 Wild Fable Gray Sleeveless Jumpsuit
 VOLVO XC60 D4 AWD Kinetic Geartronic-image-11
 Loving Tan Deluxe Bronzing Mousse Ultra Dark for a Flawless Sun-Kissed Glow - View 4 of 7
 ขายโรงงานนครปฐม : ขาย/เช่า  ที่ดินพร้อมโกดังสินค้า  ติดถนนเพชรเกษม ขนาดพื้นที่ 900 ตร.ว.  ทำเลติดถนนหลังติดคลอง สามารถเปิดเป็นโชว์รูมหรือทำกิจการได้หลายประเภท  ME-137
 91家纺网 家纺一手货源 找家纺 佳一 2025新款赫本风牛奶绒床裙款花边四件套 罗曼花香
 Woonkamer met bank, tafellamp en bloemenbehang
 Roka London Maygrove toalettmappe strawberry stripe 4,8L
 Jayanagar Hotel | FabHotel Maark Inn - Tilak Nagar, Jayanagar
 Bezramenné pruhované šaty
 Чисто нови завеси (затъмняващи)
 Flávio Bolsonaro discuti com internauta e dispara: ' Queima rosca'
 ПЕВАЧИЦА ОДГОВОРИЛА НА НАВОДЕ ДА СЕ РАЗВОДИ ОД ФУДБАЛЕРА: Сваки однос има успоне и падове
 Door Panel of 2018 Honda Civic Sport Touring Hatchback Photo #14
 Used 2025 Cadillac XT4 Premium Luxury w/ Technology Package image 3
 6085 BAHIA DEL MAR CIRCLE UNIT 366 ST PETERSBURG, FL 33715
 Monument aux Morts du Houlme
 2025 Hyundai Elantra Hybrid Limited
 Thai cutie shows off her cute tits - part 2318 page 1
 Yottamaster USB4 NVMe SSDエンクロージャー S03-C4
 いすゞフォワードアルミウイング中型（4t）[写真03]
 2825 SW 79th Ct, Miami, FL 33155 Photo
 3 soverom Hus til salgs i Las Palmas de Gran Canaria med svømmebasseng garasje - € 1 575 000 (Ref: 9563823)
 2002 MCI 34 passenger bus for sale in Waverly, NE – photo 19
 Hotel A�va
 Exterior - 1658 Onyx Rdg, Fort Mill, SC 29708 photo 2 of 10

- _Task objective_
Repeat every record above exactly as it appears.

- _Solution to this exercise_
 Wild Fable Gray Sleeveless Jumpsuit
 VOLVO XC60 D4 AWD Kinetic Geartronic-image-11
 Loving Tan Deluxe Bronzing Mousse Ultra Dark for a Flawless Sun-Kissed Glow - View 4 of 7
 ขายโรงงานนครปฐม : ขาย/เช่า  ที่ดินพร้อมโกดังสินค้า  ติดถนนเพชรเกษม ขนาดพื้นที่ 900 ตร.ว.  ทำเลติดถนนหลังติดคลอง สามารถเปิดเป็นโชว์รูมหรือทำกิจการได้หลายประเภท  ME-137
 91家纺网 家纺一手货源 找家纺 佳一 2025新款赫本风牛奶绒床裙款花边四件套 罗曼花香
 Woonkamer met bank, tafellamp en bloemenbehang
 Roka London Maygrove toalettmappe strawberry stripe 4,8L
 Jayanagar Hotel | FabHotel Maark Inn - Tilak Nagar, Jayanagar
 Bezramenné pruhované šaty
 Чисто нови завеси (затъмняващи)
 Flávio Bolsonaro discuti com internauta e dispara: ' Queima rosca'
 ПЕВАЧИЦА ОДГОВОРИЛА НА НАВОДЕ ДА СЕ РАЗВОДИ ОД ФУДБАЛЕРА: Сваки однос има успоне и падове
 Door Panel of 2018 Honda Civic Sport Touring Hatchback Photo #14
 Used 2025 Cadillac XT4 Premium Luxury w/ Technology Package image 3
 6085 BAHIA DEL MAR CIRCLE UNIT 366 ST PETERSBURG, FL 33715
 Monument aux Morts du Houlme
 2025 Hyundai Elantra Hybrid Limited
 Thai cutie shows off her cute tits - part 2318 page 1
 Yottamaster USB4 NVMe SSDエンクロージャー S03-C4
 いすゞフォワードアルミウイング中型（4t）[写真03]
 2825 SW 79th Ct, Miami, FL 33155 Photo
 3 soverom Hus til salgs i Las Palmas de Gran Canaria med svømmebasseng garasje - € 1 575 000 (Ref: 9563823)
 2002 MCI 34 passenger bus for sale in Waverly, NE – photo 19
 Hotel A�va
 Exterior - 1658 Onyx Rdg, Fort Mill, SC 29708 photo 2 of 10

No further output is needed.